■ Work item
Drop all pictures and repeat exactly the lines from the line holding "Cavaillon House |" through the end of the records.

■ Supplied entries
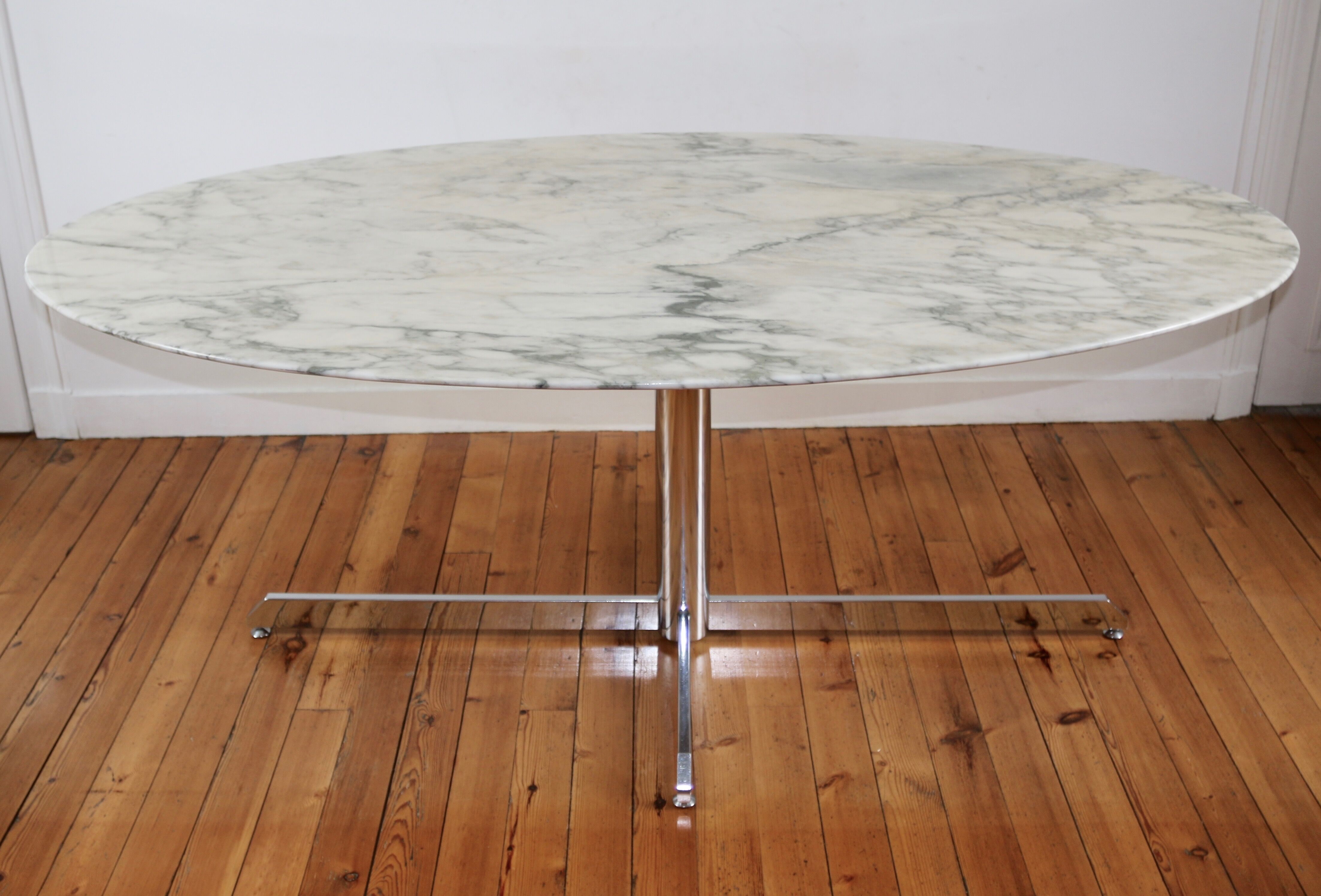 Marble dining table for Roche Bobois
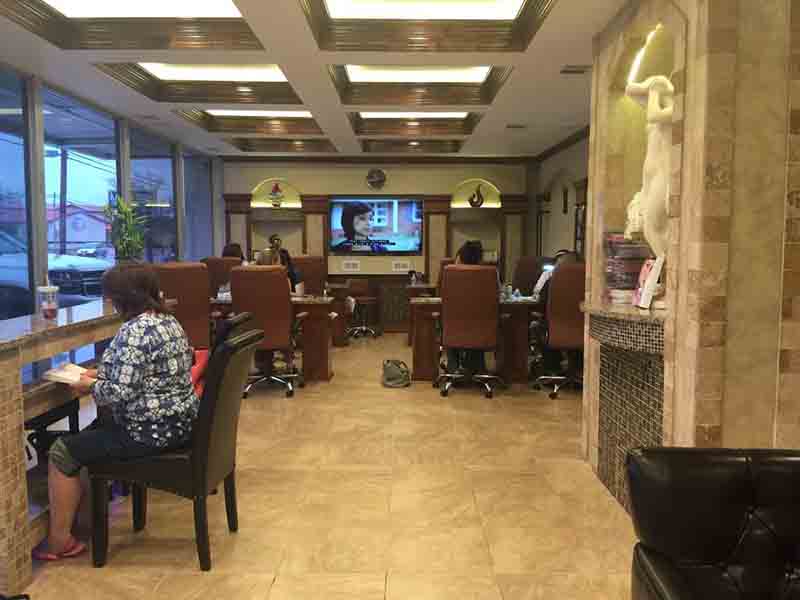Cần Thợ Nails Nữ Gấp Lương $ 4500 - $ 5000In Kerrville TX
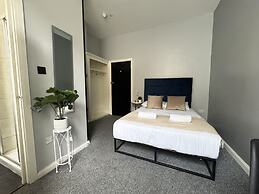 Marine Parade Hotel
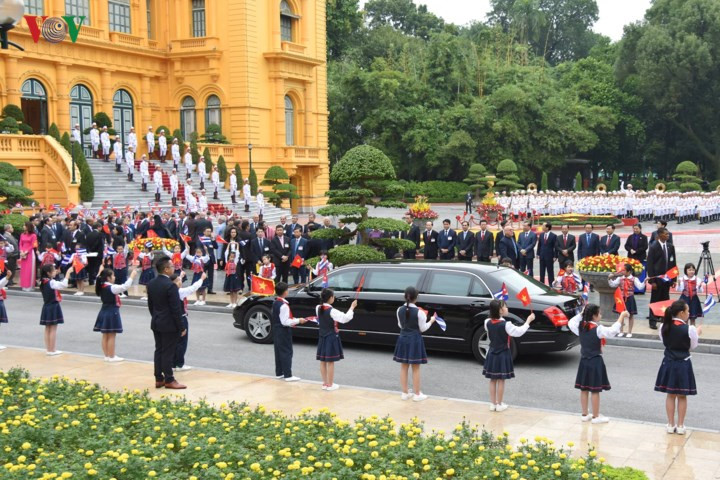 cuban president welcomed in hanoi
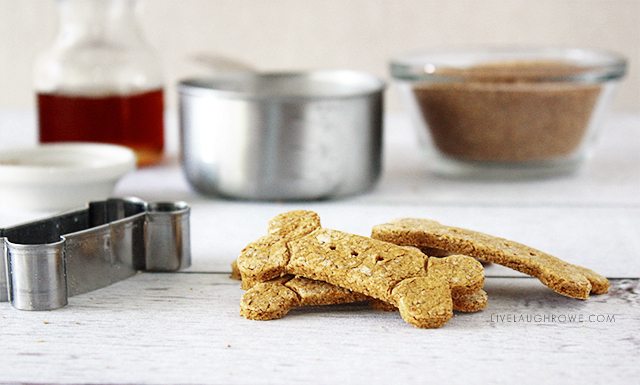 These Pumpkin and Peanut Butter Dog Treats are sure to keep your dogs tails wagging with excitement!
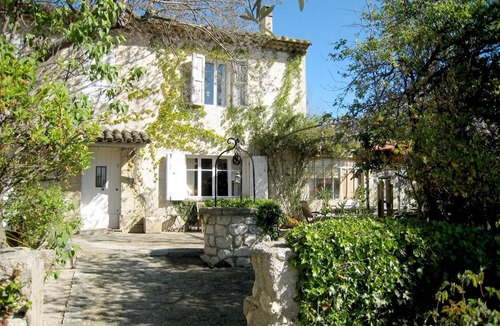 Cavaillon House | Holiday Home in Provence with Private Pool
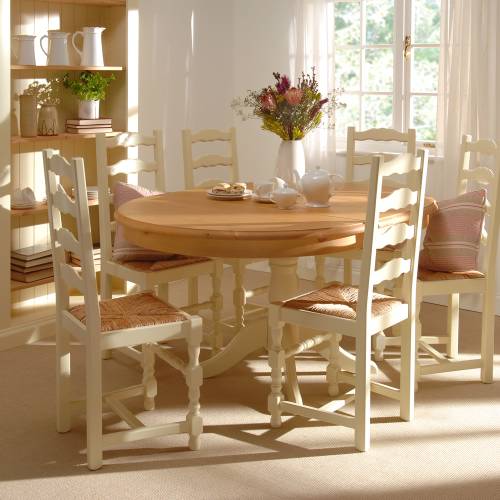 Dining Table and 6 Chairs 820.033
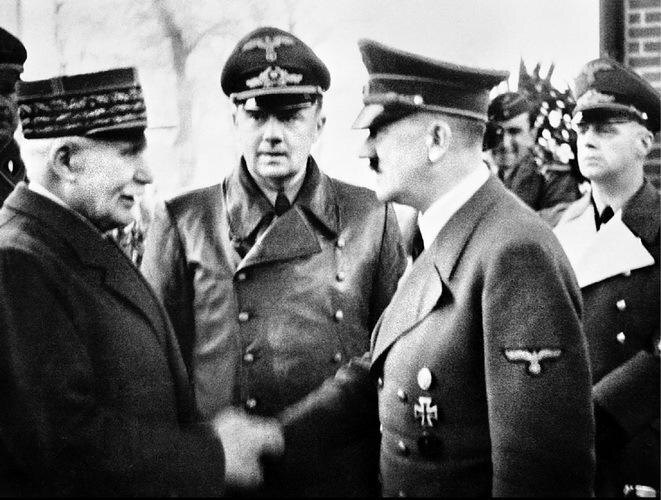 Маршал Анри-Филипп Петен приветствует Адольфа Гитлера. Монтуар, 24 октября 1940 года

■ Output of the task
 Cavaillon House | Holiday Home in Provence with Private Pool
 Dining Table and 6 Chairs 820.033
 Маршал Анри-Филипп Петен приветствует Адольфа Гитлера. Монтуар, 24 октября 1940 года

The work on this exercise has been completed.